Each year has a theme—this year was RVA Olympics—and the kids are dived into teams to play games and complete challenges. We have a big cookout, then a flag ceremony where people dress in traditional outfits from their home countries, followed by awards for the games and hot chocolate.
It’s a fun day, and it’s always fun to see the clothes that the kids come up with—especially those who are trying to represent multiple nationalities in one outfit. My favorite part, though, is watching the kids compete in their teams, and then watching the flag ceremony at the end. The teams are created across the whole grade-level spectrum, so each includes girls and boys from high school, junior high and titchie (elementary). It’s truly amazing to me to watch the big, tough, varsity boys cheer on the awkward junior highers fumbling their way through the sports and telling them they’re doing an awesome job. Or to see the too-cool-for-school upperclassmen girls getting their faces painted and acting silly with their little titchies. Sure, we’re a normal school with cliques divided into cool and dorky and sports and drama, but we can still pull together and support and love on each other, and I think that’s awesome.

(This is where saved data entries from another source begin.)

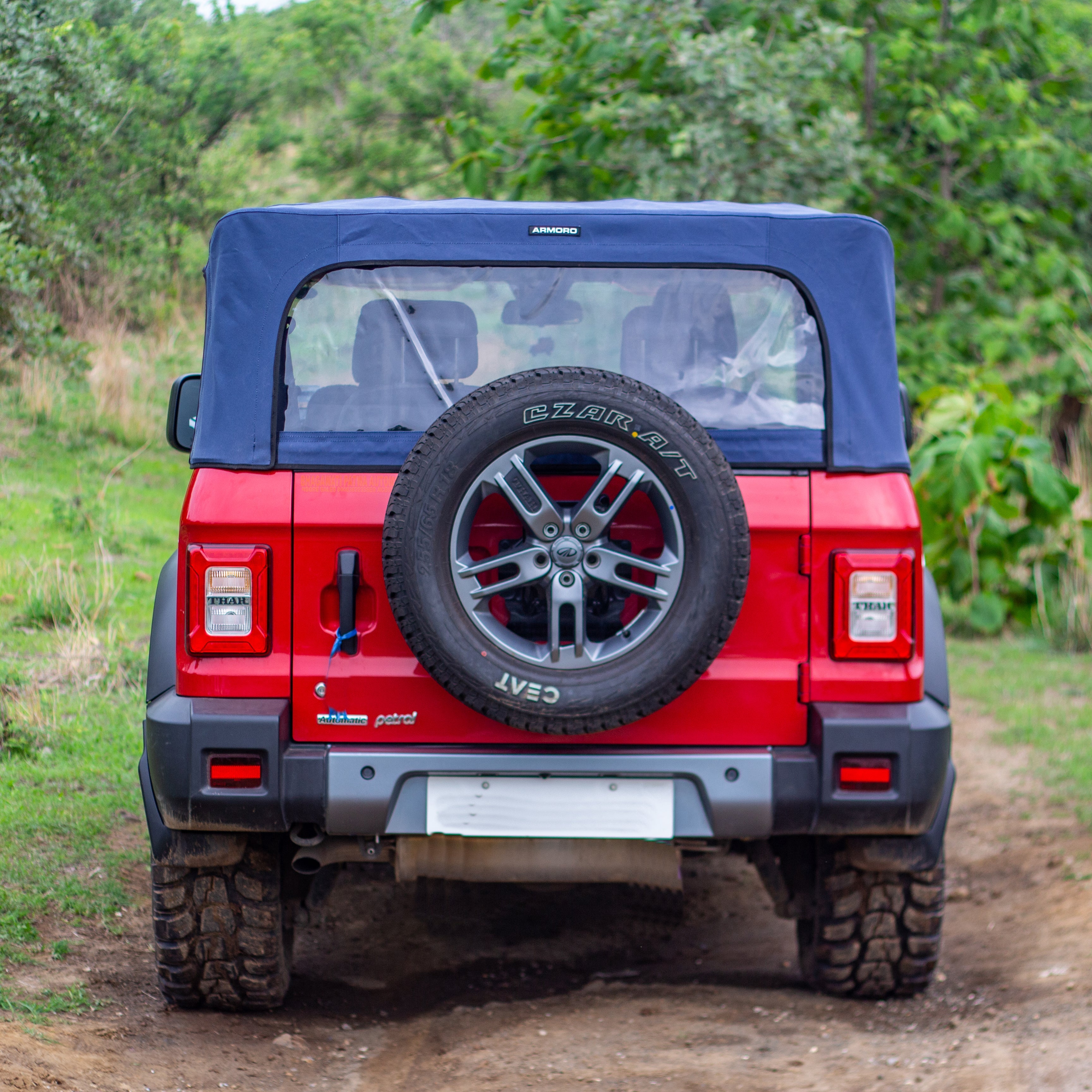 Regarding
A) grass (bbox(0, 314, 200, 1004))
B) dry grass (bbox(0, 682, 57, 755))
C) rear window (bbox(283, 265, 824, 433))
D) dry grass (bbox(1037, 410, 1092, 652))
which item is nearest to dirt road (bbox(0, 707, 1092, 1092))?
grass (bbox(0, 314, 200, 1004))

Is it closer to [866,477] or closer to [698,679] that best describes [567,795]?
[698,679]

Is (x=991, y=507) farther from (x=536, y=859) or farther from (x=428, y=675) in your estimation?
(x=428, y=675)

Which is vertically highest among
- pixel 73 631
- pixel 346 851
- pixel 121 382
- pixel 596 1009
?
pixel 121 382

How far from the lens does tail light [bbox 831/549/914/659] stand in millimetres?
3006

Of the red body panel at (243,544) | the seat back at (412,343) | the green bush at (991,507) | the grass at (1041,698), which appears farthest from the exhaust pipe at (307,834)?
the green bush at (991,507)

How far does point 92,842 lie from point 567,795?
2157 millimetres

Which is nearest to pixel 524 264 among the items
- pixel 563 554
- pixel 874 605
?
pixel 563 554

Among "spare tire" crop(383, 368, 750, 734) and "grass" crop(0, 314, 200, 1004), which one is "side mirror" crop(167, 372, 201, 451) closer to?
"spare tire" crop(383, 368, 750, 734)

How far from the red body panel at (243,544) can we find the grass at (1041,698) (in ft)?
11.5

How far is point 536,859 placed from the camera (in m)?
3.10

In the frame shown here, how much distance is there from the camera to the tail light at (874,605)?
301 centimetres

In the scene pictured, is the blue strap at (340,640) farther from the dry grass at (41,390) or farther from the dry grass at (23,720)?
the dry grass at (41,390)

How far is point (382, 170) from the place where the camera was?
18047 mm

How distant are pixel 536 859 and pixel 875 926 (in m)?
0.95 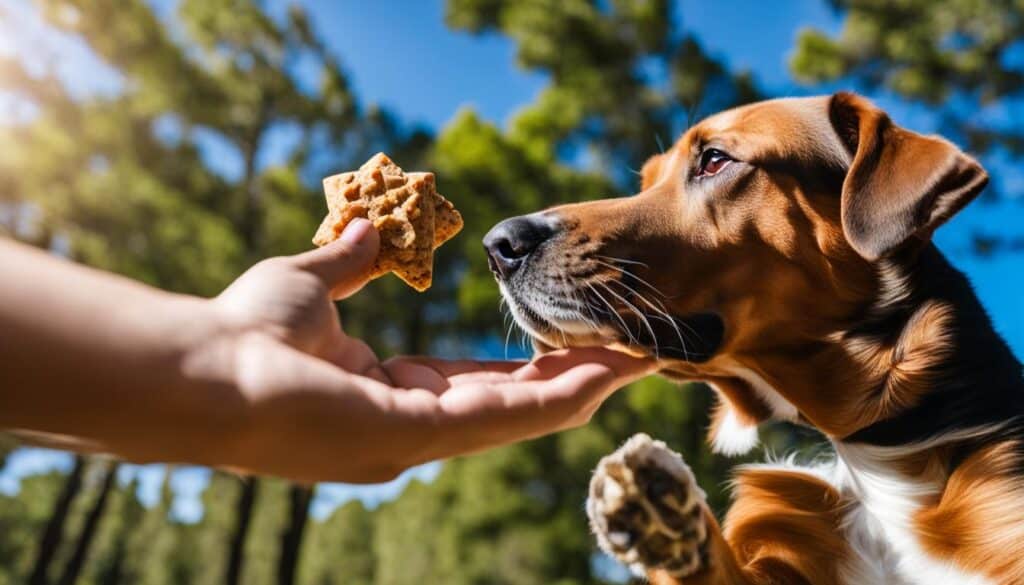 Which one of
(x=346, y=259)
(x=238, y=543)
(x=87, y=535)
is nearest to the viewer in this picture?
(x=346, y=259)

At the end of the day is the Flag Ceremony. The oldest student from each country carries in their country’s flag as their national anthem plays, wearing a traditional outfit from that country, and giving a traditional greeting. Everyone cheers for their flag-bearers. Sure, countries like the U.S.A, South Korea and Kenya get louder cheers since they have larger populations here, but there’s no disrespect or ‘my country’s better than yours’. Everyone gets appreciated. In fact, some of the loudest cheers were for countries whose only representative at RVA was the person carrying the flag. So often caught up in the midst of high-school drama, it was very touching to see the kids making sure that no one felt left out. It warmed my heart to watch Boaz—the only student from Hong Kong and one of the most awkward junior highers I have ever met—beaming with pride as he stood on stage with his flag and listened to everyone cheer. It brought happy tears to my eyes when the Hansen boys—still in preschool—carried in the Czech flag and the tenth-grade boys (who are in their parents’ dorm) leapt to their feet with a clattering of chairs, thunderous applause and deafening whooping and hollering in support of their little dorm brothers.

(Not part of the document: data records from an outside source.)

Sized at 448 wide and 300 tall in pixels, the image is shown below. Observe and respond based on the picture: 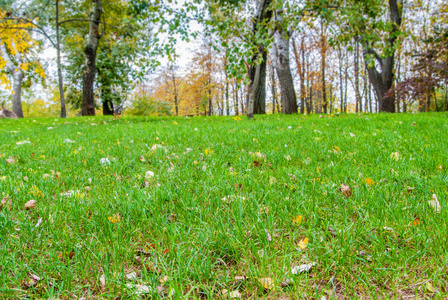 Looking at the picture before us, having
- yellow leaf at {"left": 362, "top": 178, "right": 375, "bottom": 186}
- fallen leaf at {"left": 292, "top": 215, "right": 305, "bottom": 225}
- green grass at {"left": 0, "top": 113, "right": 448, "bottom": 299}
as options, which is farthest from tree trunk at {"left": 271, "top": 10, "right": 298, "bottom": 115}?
fallen leaf at {"left": 292, "top": 215, "right": 305, "bottom": 225}

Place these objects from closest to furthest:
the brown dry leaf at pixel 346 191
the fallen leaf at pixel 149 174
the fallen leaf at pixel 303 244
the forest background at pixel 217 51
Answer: the fallen leaf at pixel 303 244, the brown dry leaf at pixel 346 191, the fallen leaf at pixel 149 174, the forest background at pixel 217 51

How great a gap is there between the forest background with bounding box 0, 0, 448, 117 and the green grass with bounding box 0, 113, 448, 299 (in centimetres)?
391

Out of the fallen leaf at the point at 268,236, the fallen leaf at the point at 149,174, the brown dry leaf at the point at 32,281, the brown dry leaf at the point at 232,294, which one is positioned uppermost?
the fallen leaf at the point at 149,174

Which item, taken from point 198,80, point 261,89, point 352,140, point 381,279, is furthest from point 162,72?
point 381,279


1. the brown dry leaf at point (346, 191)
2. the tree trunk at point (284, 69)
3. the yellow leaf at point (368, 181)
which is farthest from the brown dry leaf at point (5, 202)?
the tree trunk at point (284, 69)

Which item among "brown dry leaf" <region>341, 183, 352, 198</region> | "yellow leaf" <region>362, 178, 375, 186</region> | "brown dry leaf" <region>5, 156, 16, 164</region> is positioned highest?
"brown dry leaf" <region>5, 156, 16, 164</region>

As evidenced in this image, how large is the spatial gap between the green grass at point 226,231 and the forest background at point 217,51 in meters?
3.91

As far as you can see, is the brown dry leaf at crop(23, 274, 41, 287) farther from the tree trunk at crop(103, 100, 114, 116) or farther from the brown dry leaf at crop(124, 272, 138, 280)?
the tree trunk at crop(103, 100, 114, 116)

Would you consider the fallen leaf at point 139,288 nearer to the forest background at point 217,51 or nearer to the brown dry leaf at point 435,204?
the brown dry leaf at point 435,204

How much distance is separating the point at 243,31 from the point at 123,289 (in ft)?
21.0

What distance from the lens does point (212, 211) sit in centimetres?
149

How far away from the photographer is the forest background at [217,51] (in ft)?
20.9

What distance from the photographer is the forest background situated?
20.9ft

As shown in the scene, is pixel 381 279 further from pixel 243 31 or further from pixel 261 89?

In the middle of the drama that comes with the tiredness in the second half of the term, the wearying news that keeps coming from the U.S. elections and Brexit, and the sadness following news of ISIS, wars and crumbling racial and people-group relations, it’s so encouraging to me to see the body of Christ come together from all different ages and nationalities and walks of life—and in the in form of often-immature teenagers—and show such love and support for each other. These guys are our future. And I think they’ll do alright.